With the support of the former President of the defunct Singapore Cine and Video Club, Mr. Michael Fu, and the People’s Association, the AFA carried out a full re-digitisation of the VHS copies loaned from the National Library. 33 titles comprising of narrative and experimental shorts, educational and observational documentaries, essay films, and music videos formed this collection.

As digital video editing software only came about in the late 1980s for commercial productions, the filmmakers who used the VHS (a consumer-grade product) as a recording format, relied on linear editing. This involved manually transferring segments of video and/or audio from raw footage tapes onto a record tape using two or more VCR players. Film editing has come a long way.

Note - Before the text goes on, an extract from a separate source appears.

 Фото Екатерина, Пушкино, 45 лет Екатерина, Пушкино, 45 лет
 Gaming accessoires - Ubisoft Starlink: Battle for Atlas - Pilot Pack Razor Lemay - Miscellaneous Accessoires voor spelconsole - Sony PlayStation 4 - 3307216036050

Reviewing the films was an enthralling experience. I was born in the mid-1980s, so it was rather enlightening to realise that there was already a movement in 1980s short filmmaking with the filmmakers concerned about local issues such as the plight of the aged, the environment, labour problems, mental health, sexuality, and societal expectations. Many were highly conceptual, socially conscious, and ahead of their time. 

Unfortunately, many of these films cannot be screened. Due to the condition of the aged and deteriorated VHS tapes, severe tracking issues and malfunctions such as skips and fuzziness that occurred during the digitisation process. This is a plight for many magnetic tapes as the data quality erodes over time.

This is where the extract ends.